Some of my earliest childhood memories are of watching wrestling with my Dad. We haven’t ever had a lot in common, I was always the artsiest member of my family on both sides and while the folks were supportive, it didn’t mean they shared my interests. But wrestling was an exception. We watched it during the Ultimate Warrior days, caught the tail end of Hulkamania, and saw the donning of a new WWF superstar in Stone Cold Steve Austin. But through the years, as the faces changed due to injury or WCW recruitment, there was always one constant, and he was my favorite for a long time. That constant was The Undertaker.
Before I understood the industry, and kayfabe, and really anything beyond the spectacle of wrestling, I just knew he was awesome. He had a badass gimmick (at one point the word was literally in his name), put on crazy good matches, and never broke character. Fans never got to see Mark Calaway, the man beneath the wide-brimmed hat, there was only ever The Undertaker. Well, except when he was the American Badass, but even then the commitment never waned. Commitment is a good word to toss about when you’re discussing The Undertaker. He’s a man whose life seemed to be built on a bedrock of commitment. He was committed to the WWE, never straying during the Monday night wars. He was committed to his character, not even inducting long-time friend Paul Bearer into the Hall of Fame because it would break kayfabe. He was committed to the industry and the fans, giving everything he had to wrestling until he was just too worn to keep putting on matches.
For those of you who don’t know, The Undertaker officially retired last Sunday at Wrestlemania 33. That’s why I’m talking about him in the past tense. Because while Mark Calaway is still very much alive, and I hope he stays that way for many more years, the time of The Undertaker is past. And that’s not just another retirement. That’s the end of an era. A generation of fans grew up with The Undertaker as a constant, and to see him go signals the loss of something special. Something from our childhoods, and adolescence, and even parts of who we are today. Even if many of us fell away from wrestling as we got older, I don’t know any former fans who don’t still look back on The Undertaker fondly. It was cool, knowing he was still out there, squashing jobbers and building amazing feuds. But as of Sunday, that is no more. The Undertaker is gone, and like a true pro he went out on his back.
That’s something that I don’t think gets enough credit about wrestling culture. When a wrestler finishes their career, the farewell is not getting handed a big spectacle match where they defeat some new rising start to leave on a win. That’s how most of us would write it, because we see victory and accomplishment as inherently tied together, so of course we’d want to see them leave with a win. But that’s not the way it works in wrestling. To that world, no matter how big you are, the best way to say goodbye is to lay down for someone younger, newer, someone with more matches ahead of them. You take all of the momentum and crowd-love you’ve earned and pass it on by making the new guy seem like he’s so good not even a legend could beat him. You put him over, make him look great, and pass some of that momentum on rather than taking it with you when you leave. They even call it “doing right” to leave on your back, because that’s the right way to go out.

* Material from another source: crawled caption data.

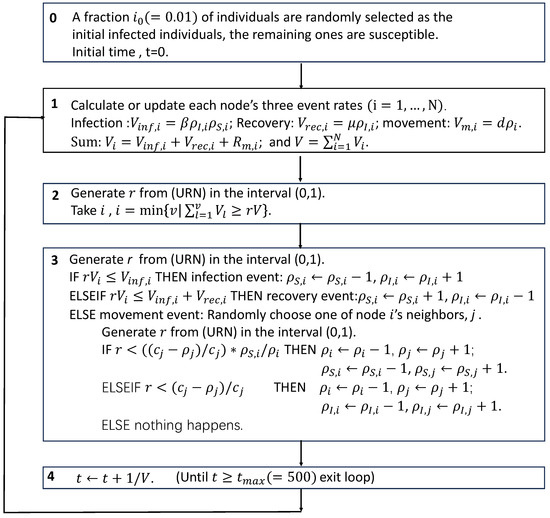 Mathematics 13 02994 g0a3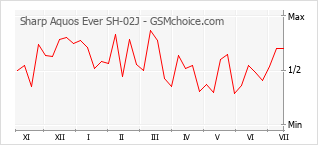 Grafico di modifiche della popolarità del telefono cellulare Sharp Aquos Ever SH-02J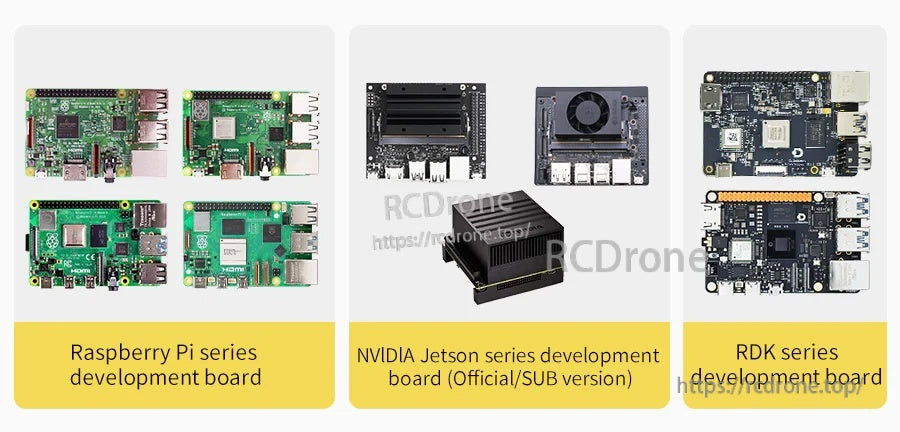Compatible platforms overview: Raspberry Pi boards, NVIDIA Jetson development boards, and RDK series development boards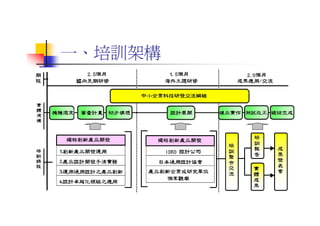 DS-053-獨特性產品設計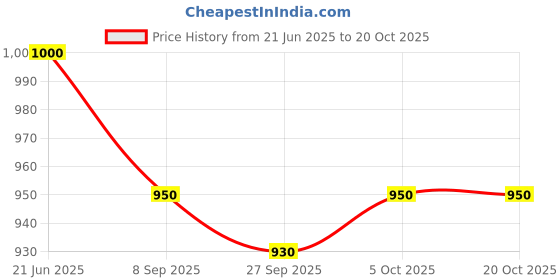 flipkart.com smuf ISI Marked Shock Proof Pure Copper Electric Geyser Water Heater For Drum/Tank 2000 W Shock Proof Immersion Heater Rod smuf Price History Graph from 21 Jun 2025 to 19 Oct 2025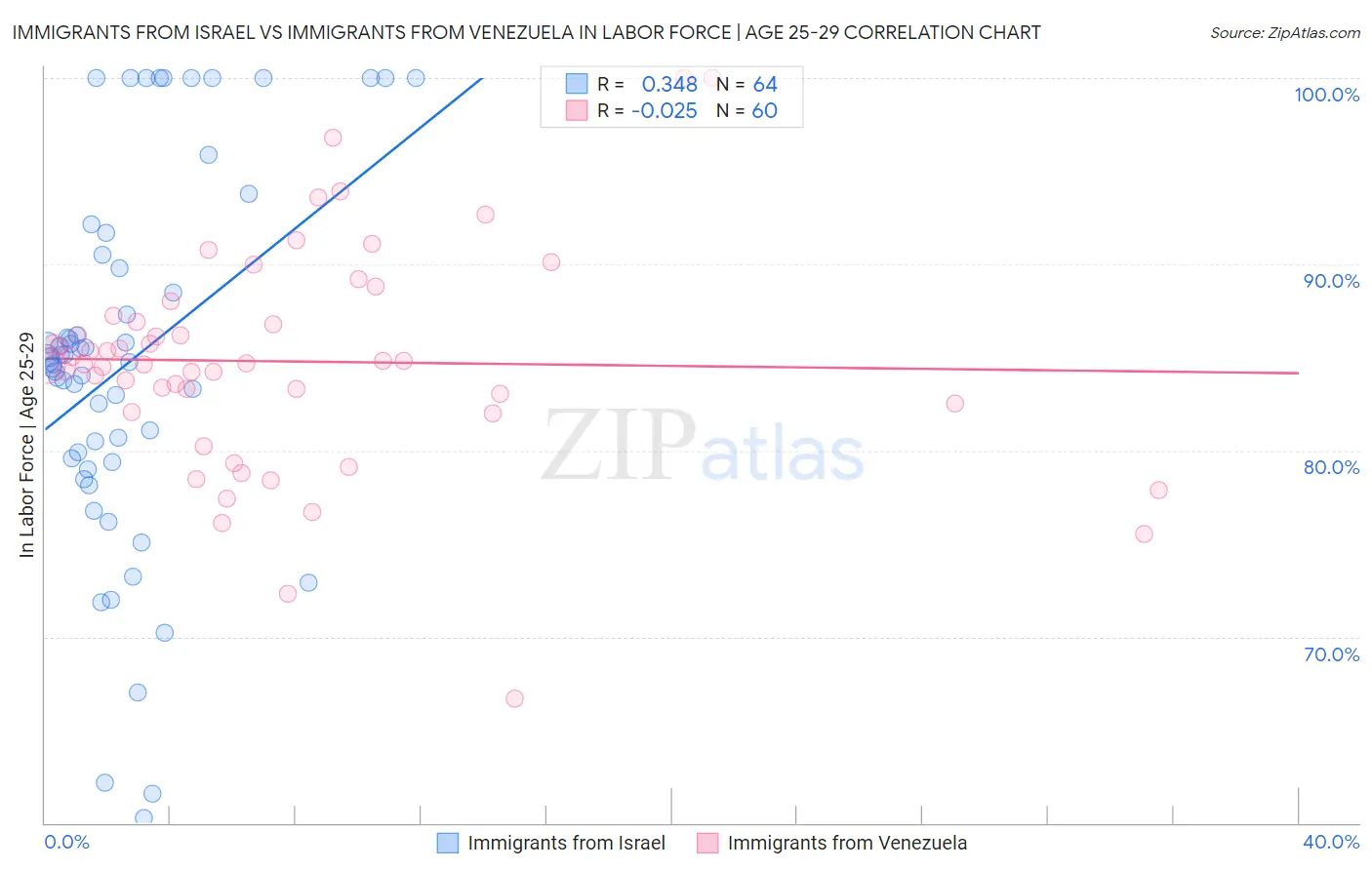 Immigrants from Israel vs Immigrants from Venezuela In Labor Force | Age 25-29
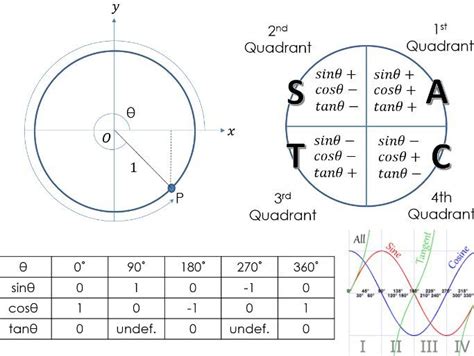 Angles in all four quadrants | Teaching Resources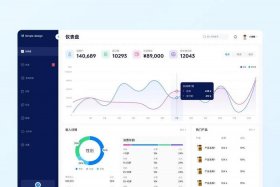 ui设计网站、自动生成ui界面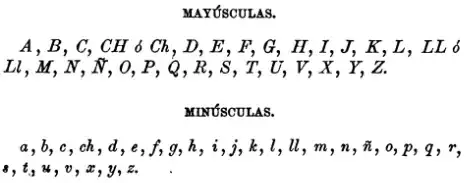 Spanish alphabet from 1870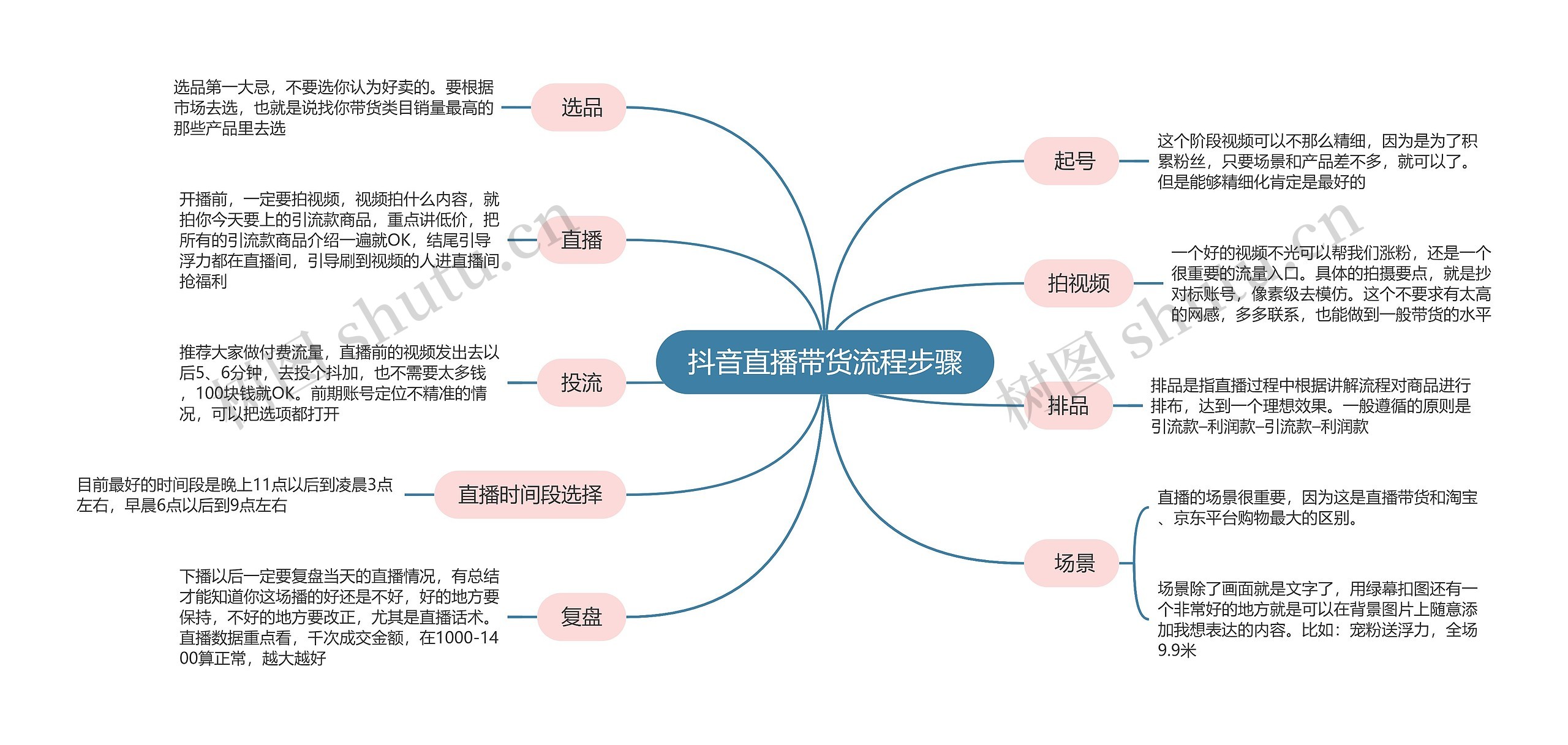 抖音直播带货流程步骤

And the fact that The Undertaker left that way is not something to skim over. I mentioned commitment above for a reason. Vince McMahon (the man, not the character) might be made of muscles and crazy, but it’s no secret that he prizes loyalty above all else. That matters, especially since no one was more loyal to the company during the most hectic years than The Undertaker. By all accounts the two men are very close and The Undertaker has a lot of creative control over his character. If he’d asked to go out on a win, I don’t doubt they would have done it that way. Probably not to Roman Reigns, but they’d have let him leave as a victor. He didn’t ask for it to go that way though. The Undertaker stayed committed to the industry he loved up to the very end, and when he went out on his back he did more than just add to the push WWE insists on giving Reigns. He reminded the entire locker room that this was how a true wrestling legend left. If he’d won, it would have made some of the younger talent think that if they got big enough, they could leave on a victory. He would have made the new goal to be so popular that you could exit on top, instead of reinforcing the idea that everyone, even legends, do right by the new stars.
I don’t have a plan to tie this all into some writing-themed conclusion. There’s a lesson in there about the importance of losing, but I already covered it in the first writing/wrestling article. And I could try to tie it up with a point about how the world would be better if we were all more willing to help the next generation rather than shoving them down for fear of losing our place. But the truth is there was no plan for this blog. I just couldn’t sleep and found myself writing, because it didn’t feel right to let this event pass without saying something. Without acknowledging how big of an event had just occurred. Not for some of you, heck probably not even for most of you. Still, for a lot of people out there this was a big moment. It only felt right to say one last farewell to the Phenom, the Dead Man, the American Badass.
Farewell Undertaker. And long live Mark Calaway. After everything the man has given us, he’s more than earned this walk off into the sunset.